▶ Data section
========

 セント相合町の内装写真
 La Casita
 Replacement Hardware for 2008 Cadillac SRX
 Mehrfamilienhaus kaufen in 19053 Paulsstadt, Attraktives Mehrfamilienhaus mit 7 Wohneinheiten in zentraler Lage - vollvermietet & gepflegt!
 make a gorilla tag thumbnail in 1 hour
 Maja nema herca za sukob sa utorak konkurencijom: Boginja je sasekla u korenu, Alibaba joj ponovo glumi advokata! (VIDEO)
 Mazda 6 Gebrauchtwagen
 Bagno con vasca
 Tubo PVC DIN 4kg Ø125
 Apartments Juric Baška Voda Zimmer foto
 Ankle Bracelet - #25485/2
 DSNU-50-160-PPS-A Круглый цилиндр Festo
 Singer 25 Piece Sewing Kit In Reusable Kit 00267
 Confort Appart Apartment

========

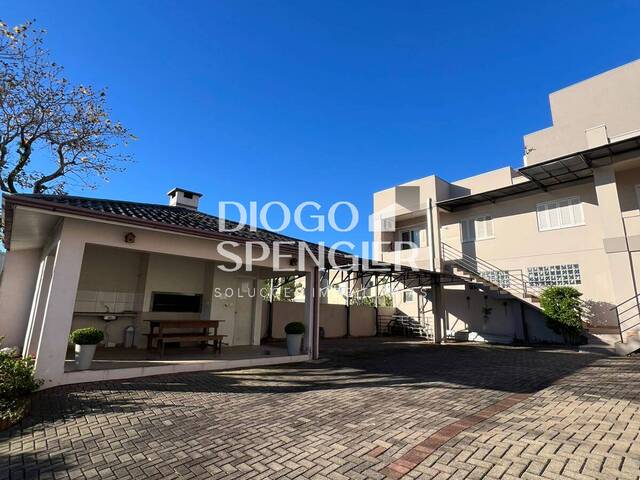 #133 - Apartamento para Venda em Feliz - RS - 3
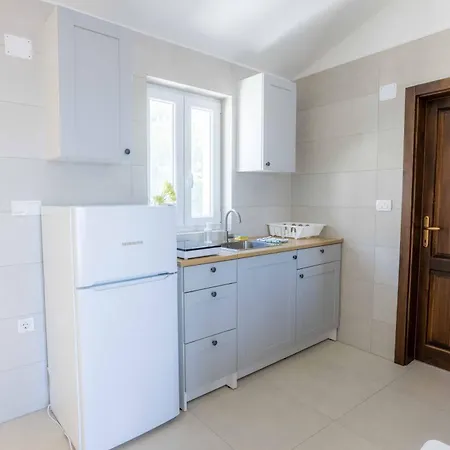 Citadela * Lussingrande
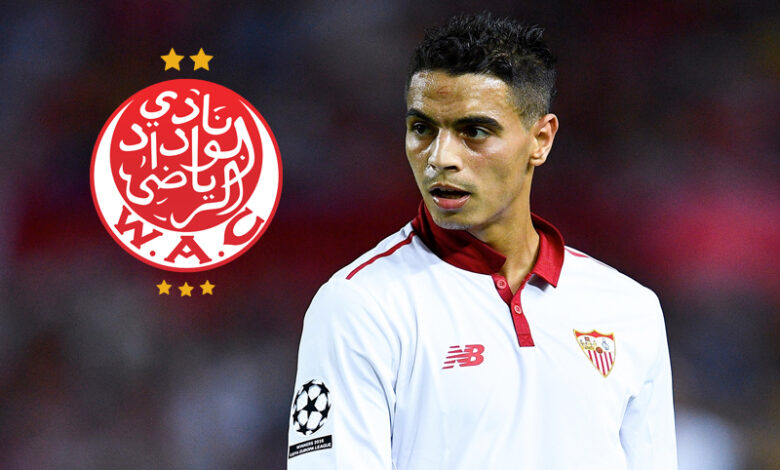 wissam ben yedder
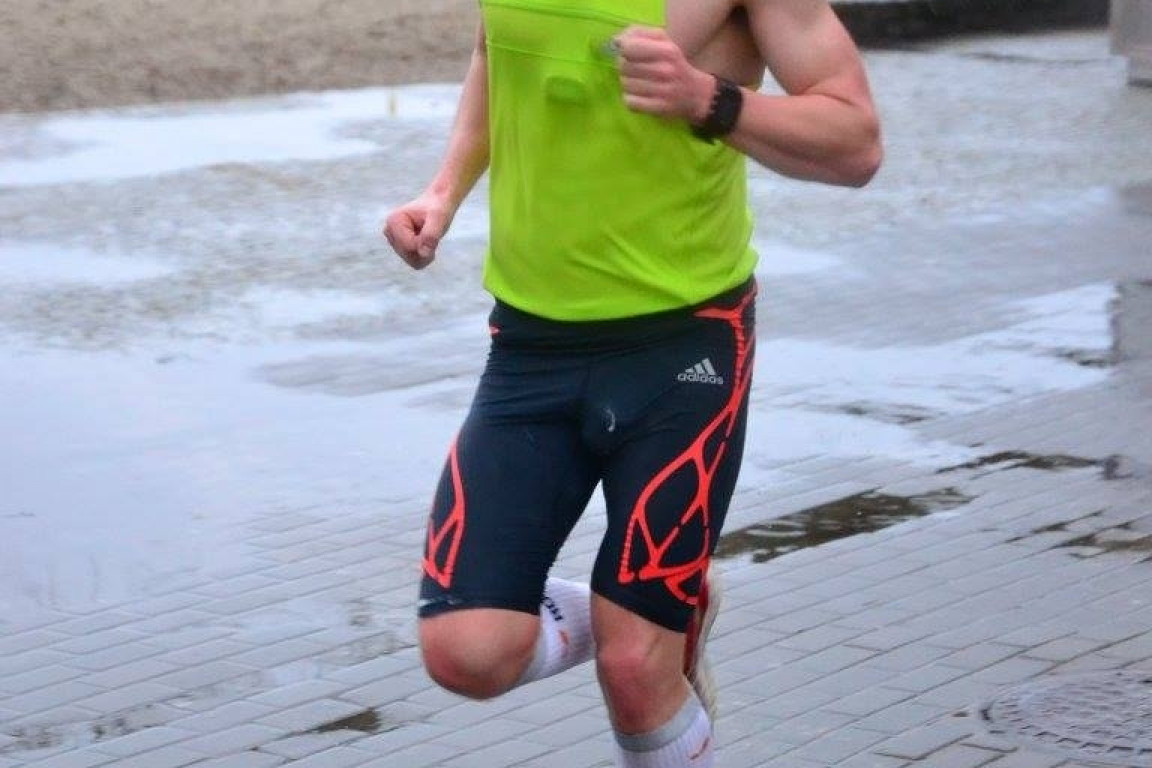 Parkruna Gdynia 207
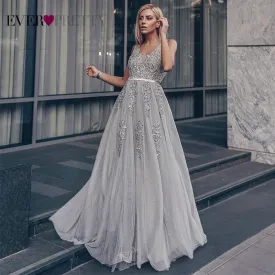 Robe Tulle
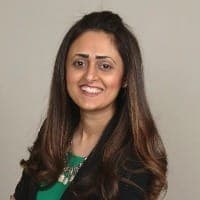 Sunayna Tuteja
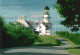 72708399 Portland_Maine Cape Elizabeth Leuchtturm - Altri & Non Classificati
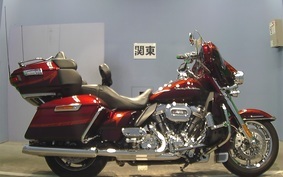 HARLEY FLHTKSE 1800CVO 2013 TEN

========

▶ Assignment
Beginning at the line with "Maja nema herca" and stopping after the line with "Ankle Bracelet - #25485/2", please write out every line of the data above exactly and nothing else.

▶ Solution to this problem
 Maja nema herca za sukob sa utorak konkurencijom: Boginja je sasekla u korenu, Alibaba joj ponovo glumi advokata! (VIDEO)
 Mazda 6 Gebrauchtwagen
 Bagno con vasca
 Tubo PVC DIN 4kg Ø125
 Apartments Juric Baška Voda Zimmer foto
 Ankle Bracelet - #25485/2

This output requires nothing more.